I mean, have any of you seen a male tsundere or the like smack around his girlfriend, and have it laughed off as funny? Hmm?
Actually, yes, I do. Although that character is from an anime made in 1974 (and it was not aired in USA, as far as I know), so maybe it is a weak rebuttal, but the fact remains.
Regardless, Tetsuya Tsurugi from Great Mazinger was a tsundere. If you have watched Evangelion, the only differences between Tetsuya and Asuka is the latter has boobs and red hair. Anyway Tetsuya ocassionally hit Jun -his love interest and adoptive sister- and it was treated llike comedic. Let's think of it, Jun was also a tsundere, and when she slapped him it usually it was not treated like slapstick, but she getting angry and losing her temper because Tetsuya had said her something very offensive -or dumb. Or both-.
I don't remember right now more male tsunderes. And regarding non-male tsunderes hitting females in a slapstick way... Hmm...
It sometimes happened in Mazinger-Z/Tranzor-Z, and many of those times I thought it crossed the line and it was not funny, in spite of what the animators intended (and they altered the characters' original personalities. Manga Kouji might be somewhat jerkish sometimes, but usually he was nice and considerate, and manga Sayaka was a pretty non-violent tsundere; Anime Kouji was a big ass and a sexist, and often I asked why Sayaka did not kill him).
Talking again about Urusei Yatsura, in a late chapter Ryuunosuke was running from Nagisa and he hurled at barrel at her head to stop her. However, everyone -including the readers- thought Nagisa was a girl at that point (his true gender was revealed shortly after), and Ryuunosuke looked like a boy. When I read that scene I thought usually in this series the abuse is from a female to a male, and I wondered if it would be so funny if it was visually obvious that it is a boy hitting a girl with a blunt, heavy object.

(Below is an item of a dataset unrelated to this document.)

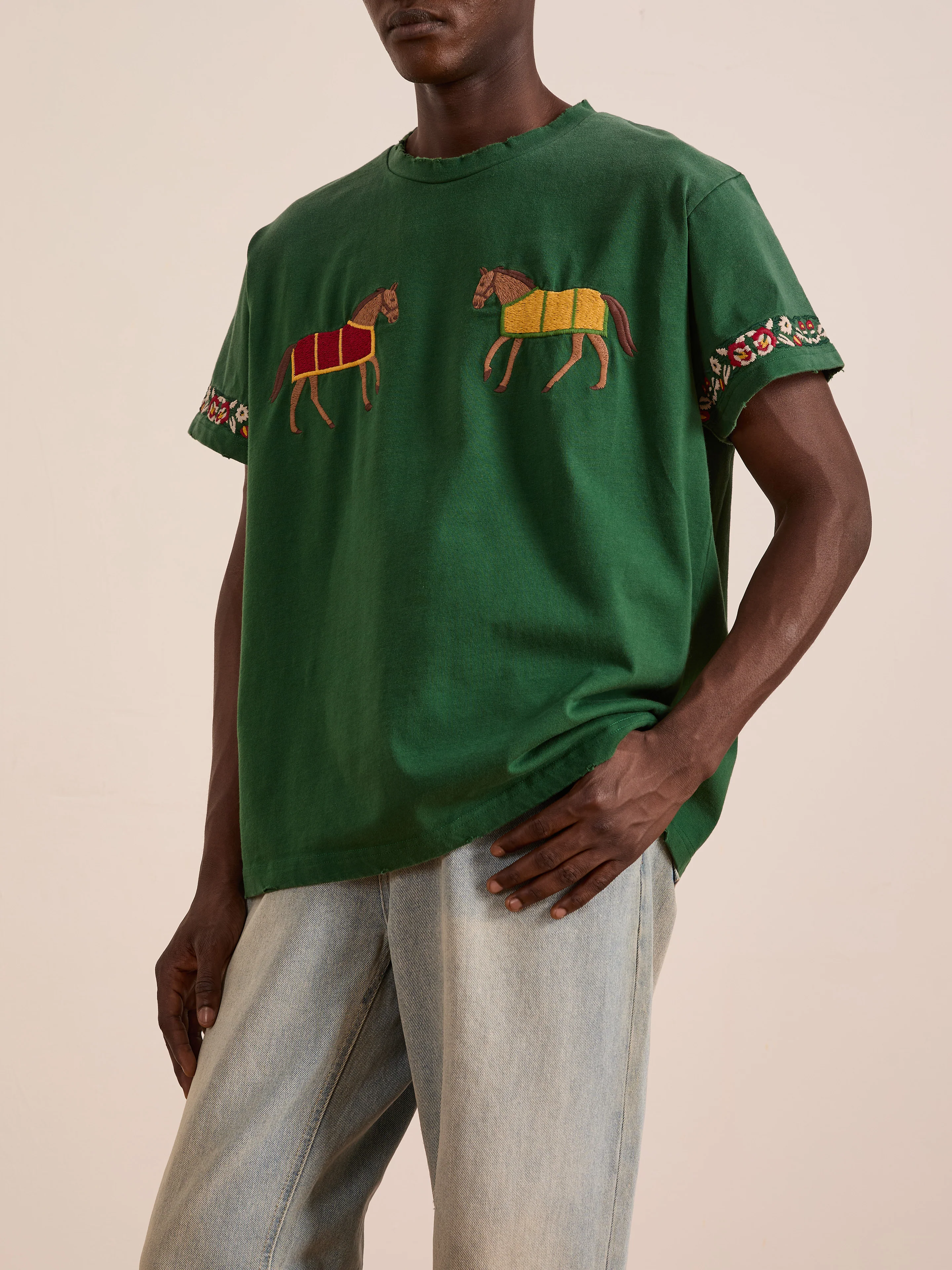 Horse Equine Tee - Image 2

Mm... I can not think of more examples right now. There certainly a double standard here: violence visited from a man upon a man, a woman upon a woman or a woman upon a man may be made funny, but often violence from a woman upon a man is considered unamusing and unacceptable.
Then again, I have found another double standards such like a male character can be an annoying, loudmouthed jerkass...and fans do not mind. But if a female character has bad temper, fans call her a b***h and scream for her head on a platter. And then you have people does not care if a male character is useless in a fight or little important plotwise, but if a female character is not the Second Coming from Xena Warrior Princess or Lara Croft, she is useless, a waste and should disappear.
Sadly, entertainment -and fandom- is filled with double standards, discriminating against a gender or against other. Unfortunately, often when a writer tries to avoid to be sexist against women falls into the trap of being sexist against men, and vice versa (it reminds me of a fanfic I read once. The writer pledged he was not homophobic and intended his writings reflected that. However his fics came across like offensive to gays to me despite his good intentions. You'll see, he turned ALL female characters in bisexual, even if they were straight in the original material, and wrote many scenes where the girls kissed or groped at each other. Of course, no male character did become gay or bisexual. Thus, his attempts to not be homophobic read like a yuri fanboy fantasy). It is a complicated issue...
It does not help the tsundere trope has suffered what in tvtropes call the bane of all trope: follow the leader plus trope decay. At the beginning, tsundere characters were characters had both a soft and a harsh side. Their different sides were intended to show they were conflicted, complex characters, and their lively temper was intended to show they were not doormats, and it made them standing out among the mass of demure, soft-spoken characters were the norm back then.
Or at least that was the situation in the seventies and the eighties. Later the trope began degenerating. "Conflicted character with several sides" became "abusive girl hit guys secretly loves". Before their mood shifts and reluctance to reveal her feelings were justified -usually being due to inner tensions and conflicts- and explained within the series; now they had no reason. The character had mood changes and refused talking their feelings over because... because. She is a tsundere and that is what the tsunderes do, no reason is needed. This happened because newer series played the trope with no knowledge or understanding of it, missing what did that trope good. Cause that degeneration, the erstwhile new and fresh trope became trite, shallow and open to parodies, subversions and worst of all, deconstructions.
Moreover, tropes go through a cycle. They are born and become popular. Then they are used, overused and abused, and people gets tired or sick from them. Then they are parodied, subverted and deconstructed. After that point, they may be forgotten or they may be rescued and made popular again -and then the cycle begins anew-.
Back in the seventies, tsunderes were a change from the prevalent and overused female archetypes were used back then and some people started to accuse from sexism. Now the trope has become prevalent, overused and regarded like stale and sexist. So the former female archetypes are slowly becoming popular again.